The agentic model drew inspiration from how frontier AI labs like Anthropic design agent interactions: give the operator clear controls, make the system's reasoning observable, and let humans direct rather than supervise. The modal worked for the system but failed for the operator. Legal professionals don't think in rigid classifications. They think in context, precedent, and nuance. The conversational model matched how they already reason about documents.

Users direct document generation through conversation, iterating on style, structure, and content before the system produces a firm-formatted artifact ready for review.

User inputs flow through a generation engine that retrieves scoped case data, matches firm style from knowledge base examples, and produces a document with trust signals for human review before export.

Diff-based editing and trust calibration

The editing system lets users refine generated documents through agentic requests, by selecting text or chatting against the document. The design challenge was making AI-generated changes legible and trustworthy in a domain where every word matters.

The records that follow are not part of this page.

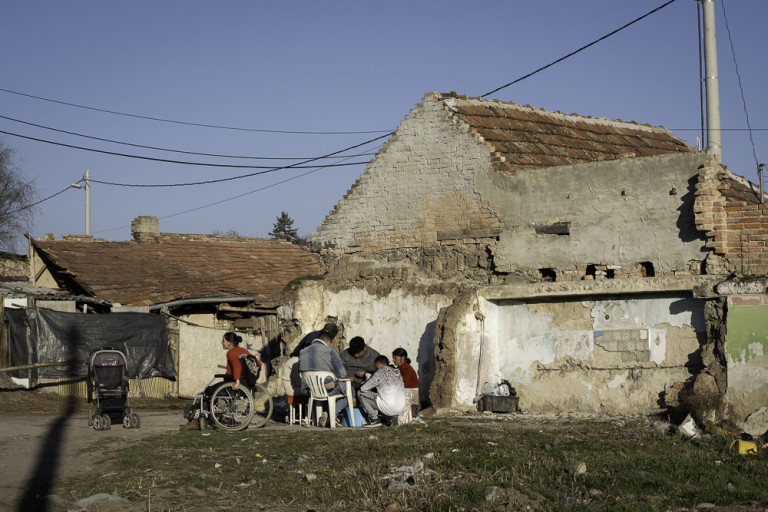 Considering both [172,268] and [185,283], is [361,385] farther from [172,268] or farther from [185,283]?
[172,268]

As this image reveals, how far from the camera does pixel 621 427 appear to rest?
12156 millimetres

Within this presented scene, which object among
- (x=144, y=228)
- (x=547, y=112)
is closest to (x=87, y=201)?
(x=144, y=228)

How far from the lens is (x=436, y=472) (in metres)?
8.67

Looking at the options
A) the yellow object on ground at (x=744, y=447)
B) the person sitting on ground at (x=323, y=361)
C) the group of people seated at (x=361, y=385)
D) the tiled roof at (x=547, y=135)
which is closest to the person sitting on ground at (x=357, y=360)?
the group of people seated at (x=361, y=385)

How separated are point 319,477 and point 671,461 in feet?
12.1

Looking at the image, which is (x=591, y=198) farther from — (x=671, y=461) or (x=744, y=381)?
(x=671, y=461)

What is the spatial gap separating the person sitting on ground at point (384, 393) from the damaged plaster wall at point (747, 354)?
4710 millimetres

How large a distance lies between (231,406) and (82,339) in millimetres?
7605

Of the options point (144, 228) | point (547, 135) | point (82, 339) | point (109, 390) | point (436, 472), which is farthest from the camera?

I designed changes to surface in a diff experience: inline strikethrough for removals, underlined text for additions, with summary banners describing what changed and why. For comprehensive edits, the system breaks large requests into chunked summaries so users can cherry-pick section-level changes. Legal professionals live in redlines. Microsoft Word's Track Changes is their native interaction pattern for reviewing modifications. Building the editing layer around accept and reject diffs mapped to an existing cognitive model and reduced the learning curve to near zero.

Early on, large case data volumes caused the system to generate content that couldn't be traced back to source material. This eroded trust quickly. Users who encountered hallucinated citations became hesitant to use generation at all. The initial approach was target source selection, letting users narrow which case materials the system drew from before generation began. This helped, but the real resolution came from the agentic architecture itself. By orchestrating generation into discrete, scoped steps, each agent works with a targeted subset of case data rather than retrieving across the full volume. This kept retrieval focused and reduced hallucination risk naturally. Source selection became unnecessary once the agents could scope data reliably on their own.

Knowledge base as style reference

The Knowledge Base is where firms store their strongest work product as drafting references. When a user generates through Agentic Drafting, the system pulls from these examples to match firm voice, structure, and formatting. This is the difference between a usable first draft and output that gets rebuilt from scratch.

Scope of role

I led product design end-to-end: research, prototyping, and iteration across the full generation-to-delivery workflow. I worked cross-functionally with Supio's legal solutions architect and a sales team member with a paralegal background to shape the experience around real legal workflows and firm expectations.

Outcome

Supio is Series B at $7M MRR with rapid growth. Agentic Drafting achieved a 20% increase in first-draft success rate and became one of the platform's most important products, particularly loved by paralegal teams for its ease of use. Customer success teams report strong demand for expanding generation to more complex document types.

This case study covers the systems-level design. Product walkthroughs and specific design decisions are available on request.